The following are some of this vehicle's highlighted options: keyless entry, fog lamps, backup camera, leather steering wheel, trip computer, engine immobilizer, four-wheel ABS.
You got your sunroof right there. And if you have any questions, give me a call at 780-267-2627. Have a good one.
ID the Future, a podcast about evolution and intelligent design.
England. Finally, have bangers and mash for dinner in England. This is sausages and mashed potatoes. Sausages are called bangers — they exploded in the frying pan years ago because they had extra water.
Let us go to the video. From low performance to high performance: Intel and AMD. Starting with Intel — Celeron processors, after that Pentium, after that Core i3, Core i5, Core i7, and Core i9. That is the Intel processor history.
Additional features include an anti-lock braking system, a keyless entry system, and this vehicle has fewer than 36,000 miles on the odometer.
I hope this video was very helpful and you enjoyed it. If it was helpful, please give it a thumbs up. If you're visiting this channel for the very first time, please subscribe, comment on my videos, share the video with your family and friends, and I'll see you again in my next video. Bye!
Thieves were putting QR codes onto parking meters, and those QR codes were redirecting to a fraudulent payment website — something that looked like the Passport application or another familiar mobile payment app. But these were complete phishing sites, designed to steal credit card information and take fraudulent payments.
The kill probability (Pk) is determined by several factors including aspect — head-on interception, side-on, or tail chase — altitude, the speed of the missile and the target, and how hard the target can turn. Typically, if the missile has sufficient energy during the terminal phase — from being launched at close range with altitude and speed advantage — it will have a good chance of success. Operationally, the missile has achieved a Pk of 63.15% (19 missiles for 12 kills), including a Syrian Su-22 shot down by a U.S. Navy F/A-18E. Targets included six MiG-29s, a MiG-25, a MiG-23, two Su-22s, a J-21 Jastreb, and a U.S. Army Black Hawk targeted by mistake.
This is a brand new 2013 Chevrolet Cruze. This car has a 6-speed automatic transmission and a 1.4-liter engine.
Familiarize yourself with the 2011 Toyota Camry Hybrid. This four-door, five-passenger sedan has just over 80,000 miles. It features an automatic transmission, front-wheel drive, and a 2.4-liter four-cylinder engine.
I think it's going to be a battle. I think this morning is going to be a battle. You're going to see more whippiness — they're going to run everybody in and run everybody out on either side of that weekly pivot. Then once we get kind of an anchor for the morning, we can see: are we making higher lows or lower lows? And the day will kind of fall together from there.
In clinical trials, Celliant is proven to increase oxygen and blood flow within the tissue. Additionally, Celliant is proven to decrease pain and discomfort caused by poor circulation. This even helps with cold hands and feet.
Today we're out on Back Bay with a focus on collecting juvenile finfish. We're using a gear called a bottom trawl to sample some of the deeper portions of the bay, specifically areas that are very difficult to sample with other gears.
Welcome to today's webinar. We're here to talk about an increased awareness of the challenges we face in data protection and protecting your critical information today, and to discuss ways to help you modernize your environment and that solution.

****************************************

PROBLEM TO WORK ON:
Start at the first line of the entries and stop at the line with "Let us go to". Retype each of those lines exactly, both ends included.

SOLUTION TO THIS TASK:
The following are some of this vehicle's highlighted options: keyless entry, fog lamps, backup camera, leather steering wheel, trip computer, engine immobilizer, four-wheel ABS.
You got your sunroof right there. And if you have any questions, give me a call at 780-267-2627. Have a good one.
ID the Future, a podcast about evolution and intelligent design.
England. Finally, have bangers and mash for dinner in England. This is sausages and mashed potatoes. Sausages are called bangers — they exploded in the frying pan years ago because they had extra water.
Let us go to the video. From low performance to high performance: Intel and AMD. Starting with Intel — Celeron processors, after that Pentium, after that Core i3, Core i5, Core i7, and Core i9. That is the Intel processor history.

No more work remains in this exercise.